Because we know it, yes. We can see where the Sun is. You cannot see the Sun during the night, because it is on the other side of the planet.
(Notice the fallaciously circular reasoning - we know because we know)
Or, because you're assuming it. When you can't see the sun at night, you can't see it. So are you assuming it's whereabouts after that? You interpret your moon shadow one way, but I don't see you refuting the other interpretation I proposed. You're saying the sun is gone at night because it's on the other side of the supposed globe, but when you can't see it, how can you know where it is? Perhaps it is just further from you over a disk-like earth.
And again, how would you know? Are you assuming?
Because the left side is in the shadow, obviously.
Well how is that obvious? The earth covers the left side, therefore the
center is darkened? The moon gets lighter on a
gradient? The
center is darker because the earth covers the
left? The earth is not covering the
center of the moon in that photo, is it? Why is the center darker?
How could the earth create a softened shadow at the edges of the moon "shadow" with a single light source, unless the earth itself was a sort of fluffy planet with light gradually protruding through it? It appears obvious to me that the center in that photo is slightly shaded due to the sun creating a dusk/dawn effect on the moon, because it's on the right side of it, and that the shadow is from the moon itself, not the earth.

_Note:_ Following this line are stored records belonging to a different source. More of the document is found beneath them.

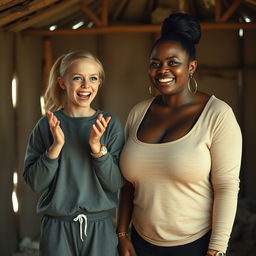 In an abandoned poor shack, a 19-year-old malnourished and evil-looking blonde woman with blue eyes is praising, her eyes wide and manic as she screams and smiles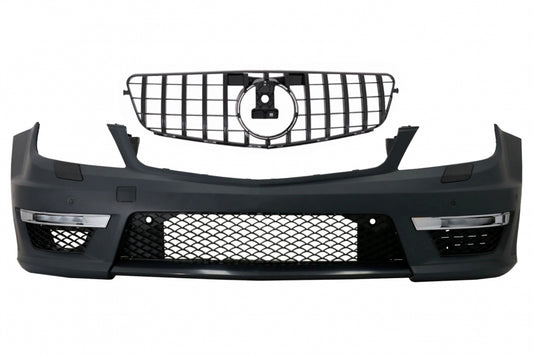 Front Bumper C63 Facelift Look with GT-R Panamericana Grille Piano Black for Mercedes C-Class W204 S204 (2007–2015)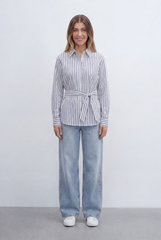 Women’s Tomato Store Classic Striped Shirt With Adjustable Waist Tie Button Front Design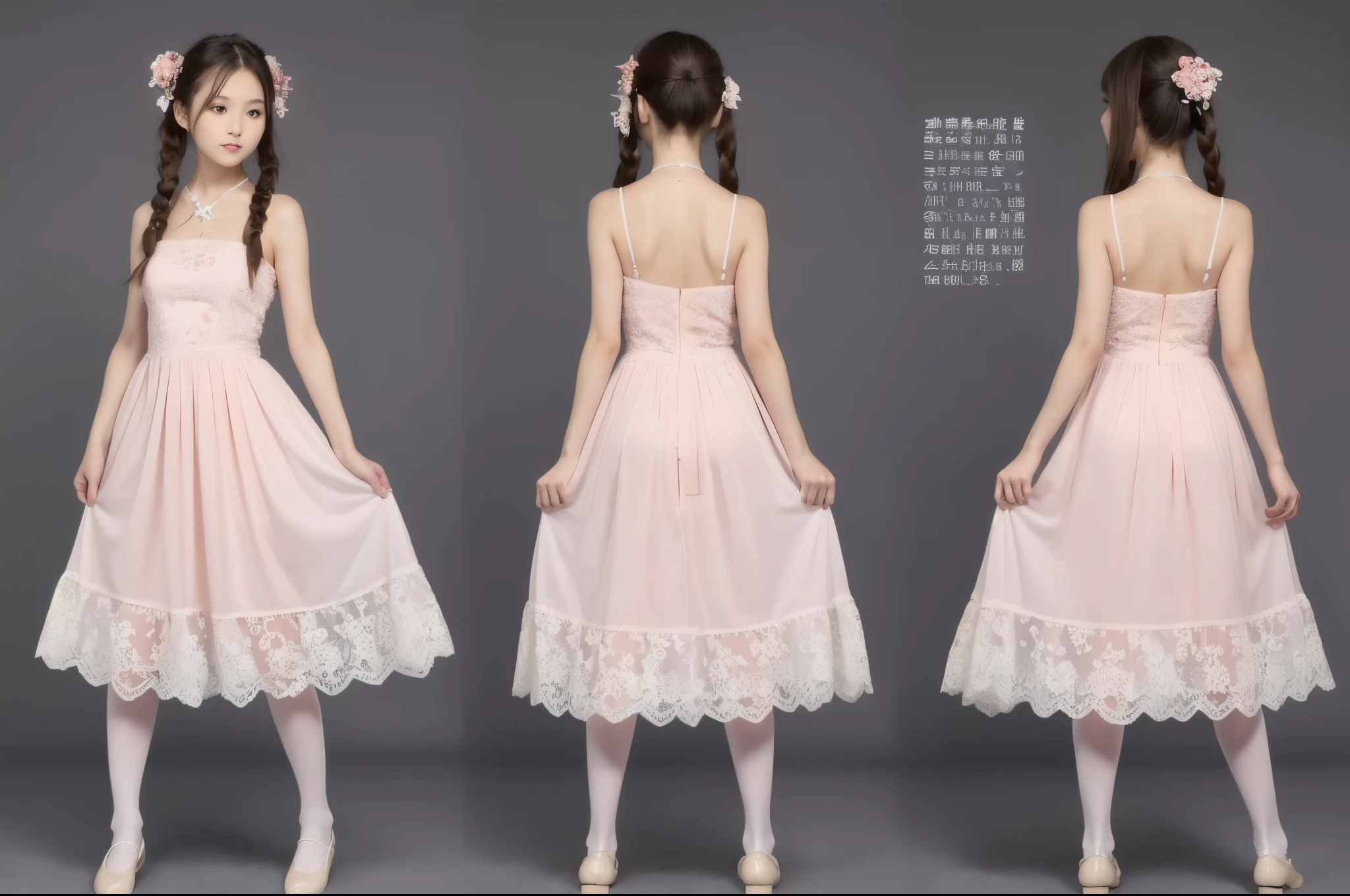 ((reference sheet)), a realistic one, detailed art , Seven-head body ratio、A girl with super long twin tails reaching her waist. She is wearing a strapless dress, Light pink dress with spaghetti straps，Decorated with floral pattern and small strawberries, Lace trim at neckline. She also paired it with pure white tights (Lace pantyhose). Artwork should include full-body views from the front and back, Her arched feet and diamond ballet flats are clearly visible, and detailed close-ups of her face and shoes...., Similar to previous description，But the perspective or posture is different.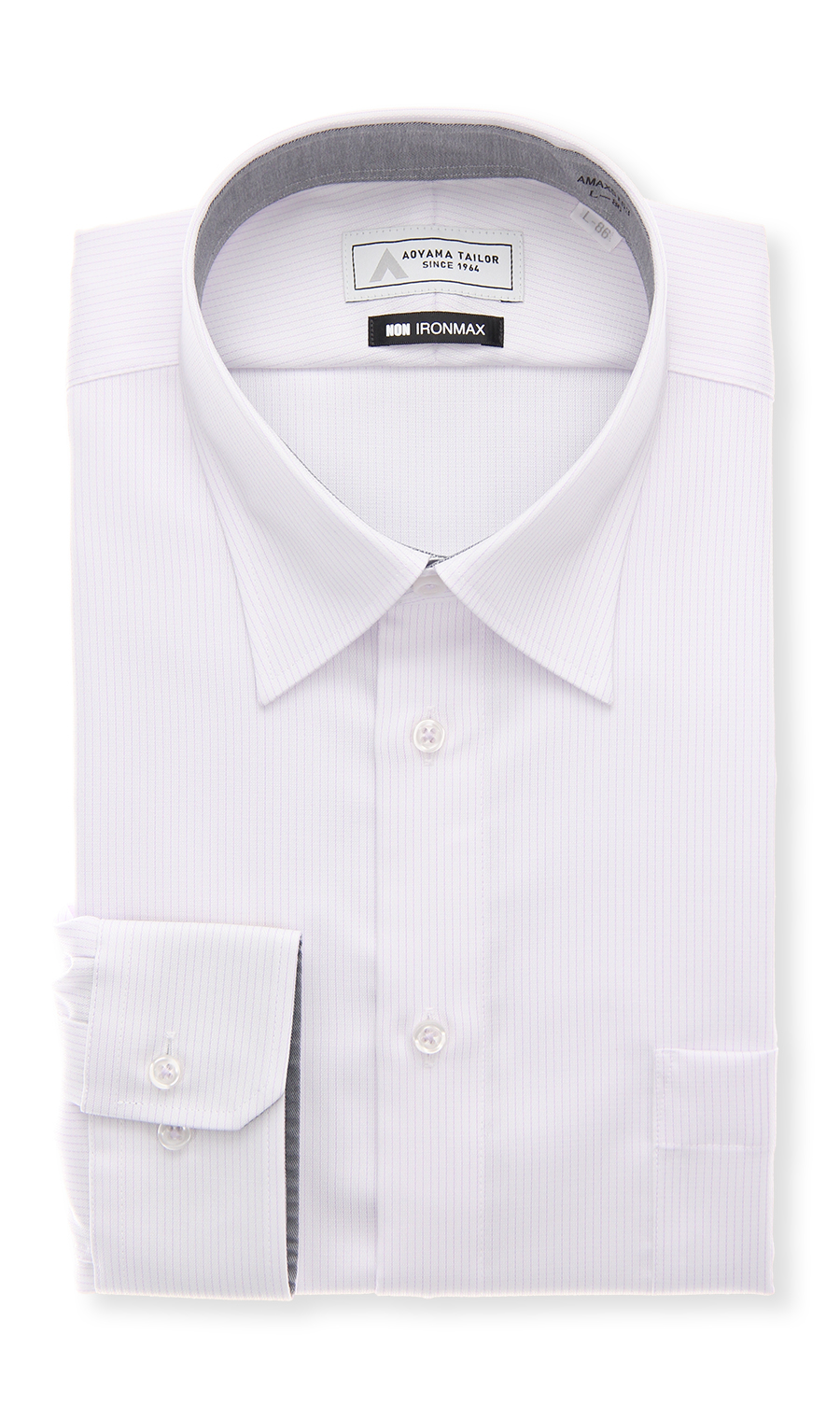 レギュラーカラーワイシャツ【NON IRONMAX】 パープル 首周り:37cm,裄丈:78cm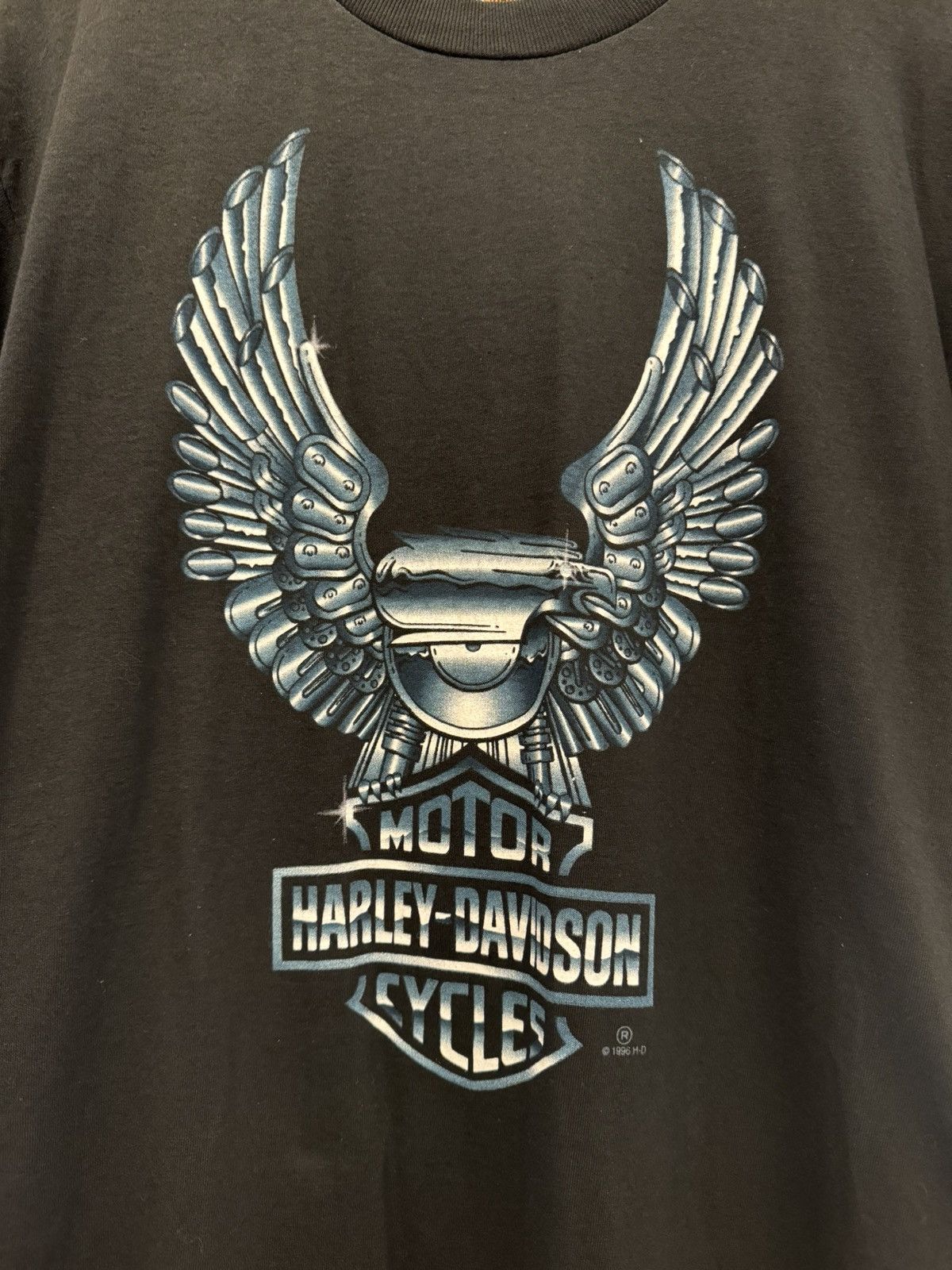 Harley Davidson × Vintage Crazy Vintage 90s Harley Davidson Chrome Eagle Tee Size US L / EU 52-54 / 3 - 2 Thumbnail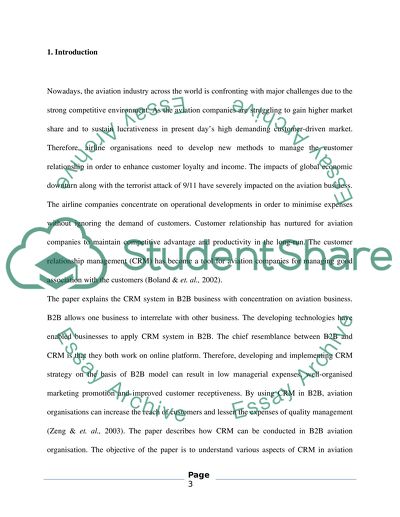 Implementation of a CRM in B2B with the Example of Aviation Business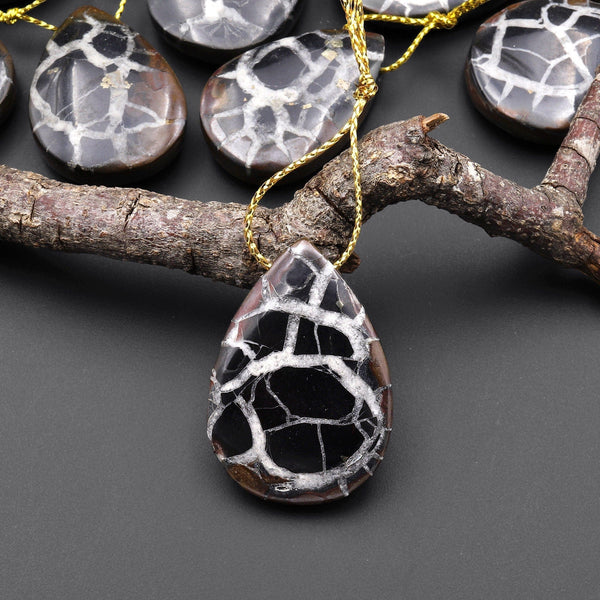 Natural Septarian Fossil Teardrop Pendant Top Side Drilled Gemstone A2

Then, why does the moon sometimes have a straight shadow down the middle? Does that mean the earth turned into a vertical disk? Or is it because the shadow is from the moon, and not the earth? Perhaps the sun is on one side of the moon, and the moon is in a triangular position relative to the earth and the sun.
Because it is not disappearing by moving away (light does not disappear with distance),
Of course light dissipates with distance. Go buy a cheap little flashlight and shine it on some distant trees at night. The effect of a local 'spotlight' sun is possible.
it goes "down" below the horizon,
I'd say it disappears at the horizon, but yes it appears to go down below. This may be due to it traveling further away from you. An airplane will do this from your perspective, as it flies overhead off into the horizon. When cars drive off, they appear to shrink, eventually into the horizon if the perspective is proper. They'll disappear bottom-up, too. And it is evident you can pull them fully back into frame with a telescope or camera if you zoom far enough. This seems to be how actual basic perspective works.
the same size, then you see just the half and then nothing. Again, watch a sunset.
You say the sun sets appearing the same size, but there is an entire study of atmospheric refraction to explain why the sun appears a different size at the horizon. It could be that the sun is to appear smaller in the horizon as a baseline since it's further away, but appears to distort in size due to atmospheric refraction.